Sen. Tom Carper (D-Del.) and other Democratic senators are introducing a bill for D.C. statehood today, a proposal with heavy opposition in the public in continuing polls.
Indeed, the bill was one of the reasons that members and advocates demanded the killing of the filibuster rule to force through the change in status based on a bare majority.
If successful, it would give the Democrats two more senators in a city-state that will expected to remain reliably blue. I have testified repeatedly on this issue. There are strong arguments for changing the status of the District and statehood is a viable option.
It would clearly be constitutional unlike past proposals. The question is whether it is the best option for the country. Roughly 20 years ago, I proposed a “modified retrocession plan” that would be an alternative if the Congress wanted full voting rights for citizens of the District.
The proposal would make create the first city-state in our history with a population of 700,000.
However, half of the country opposes the idea.
A new Harris/Hill poll shows fifty-two percent of respondents said they favored statehood while 48 percent said they opposed it. That is heavy opposition for such a statehood change.
Biden just unveiled another proposal with heavy public opposition: a commission that would allow court-packing or other structural changes on the Court to blunt the conservative majority.
I have written a long academic publication on the status of the District of Columbia and testified at the prior hearings on allowing for voting representation of District residents. See Jonathan Turley, Too Clever By Half: The Partial Representation of the District of Columbia in the House of Representatives, 76 George Washington University Law Review 305-374 (2008). I also testified in both the House and Senate repeatedly on such proposals.
The debate over D.C. statehood is a complex issue with historical, constitutional, and legal dimensions. It is also an issue with important and unresolved racial issues of a black-majority city without direct representation in Congress. I have previously voiced my view that such lack of representation for the District is unacceptable and untenable in our country.
In all, I have testified five times in the House and the Senate on this issue in Congress, particularly on the effort to simply give the District a vote in the House of Representatives. I encouraged the Congress to avoid such flagrantly unconstitutional measures of a vote as a non-state entity and instead focus on a vote of statehood or retrocession. That is why I offered a “modified retrocession plan”, which was also discussed in an academic work. Under my proposal, the mall and core federal buildings would remain the District of Columbia (as is the case in this legislation) but the remainder of the District would retrocede back to Maryland (as did the other half of the original District to Virginia). In this way, residents would receive full representation while receiving the benefits of various Maryland educational and other opportunities. That reduction of the federal enclave has been incorporated in some statehood proposals. I believed that such retrocession offered the fastest course for not just full representation but improved social and educational programs for the district residents. I laid out a phased retrocession plan that began with immediate and full representation. This could be done by congressional vote.
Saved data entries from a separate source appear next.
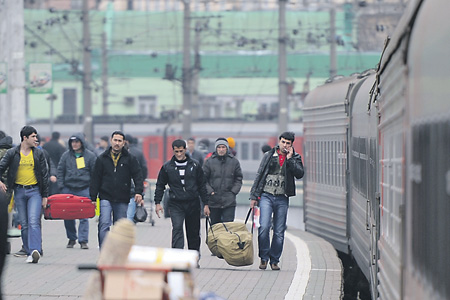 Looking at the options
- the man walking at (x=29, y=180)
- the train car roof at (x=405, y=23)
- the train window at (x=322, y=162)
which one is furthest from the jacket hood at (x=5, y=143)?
the train car roof at (x=405, y=23)

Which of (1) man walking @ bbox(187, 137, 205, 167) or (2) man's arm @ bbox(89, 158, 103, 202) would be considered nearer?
(2) man's arm @ bbox(89, 158, 103, 202)

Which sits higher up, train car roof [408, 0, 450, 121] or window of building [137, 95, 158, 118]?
window of building [137, 95, 158, 118]

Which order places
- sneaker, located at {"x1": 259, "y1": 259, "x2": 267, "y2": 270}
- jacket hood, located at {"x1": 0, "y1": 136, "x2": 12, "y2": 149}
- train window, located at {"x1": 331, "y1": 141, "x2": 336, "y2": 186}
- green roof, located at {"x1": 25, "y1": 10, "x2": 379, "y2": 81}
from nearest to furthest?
sneaker, located at {"x1": 259, "y1": 259, "x2": 267, "y2": 270}, jacket hood, located at {"x1": 0, "y1": 136, "x2": 12, "y2": 149}, train window, located at {"x1": 331, "y1": 141, "x2": 336, "y2": 186}, green roof, located at {"x1": 25, "y1": 10, "x2": 379, "y2": 81}

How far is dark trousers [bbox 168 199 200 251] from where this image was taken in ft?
42.0

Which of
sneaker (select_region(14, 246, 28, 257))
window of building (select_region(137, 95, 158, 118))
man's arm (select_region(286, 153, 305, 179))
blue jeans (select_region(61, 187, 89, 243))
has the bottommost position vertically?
sneaker (select_region(14, 246, 28, 257))

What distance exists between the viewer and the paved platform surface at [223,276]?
10.9 metres

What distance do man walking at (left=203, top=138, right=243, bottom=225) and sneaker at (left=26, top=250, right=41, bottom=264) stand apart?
242 centimetres

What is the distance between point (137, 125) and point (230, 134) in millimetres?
3972

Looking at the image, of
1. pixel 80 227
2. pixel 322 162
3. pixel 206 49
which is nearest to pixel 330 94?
pixel 322 162

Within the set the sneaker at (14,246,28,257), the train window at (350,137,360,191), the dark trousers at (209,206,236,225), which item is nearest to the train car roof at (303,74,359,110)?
the train window at (350,137,360,191)

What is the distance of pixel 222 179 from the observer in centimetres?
1464

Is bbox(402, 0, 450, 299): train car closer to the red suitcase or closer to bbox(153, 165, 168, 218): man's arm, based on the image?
bbox(153, 165, 168, 218): man's arm

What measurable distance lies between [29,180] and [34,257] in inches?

People of good-faith can disagree on such proposals and the current legislation is clearly a constitutional approach to reaching a final resolution on the lack of representation in Congress. Indeed, it is important to hear from those who believe that statehood is an important step toward dealing with the historical racial inequalities and discrimination in our nation. Modified retrocession may not be enough to resolve such issues for many in our community.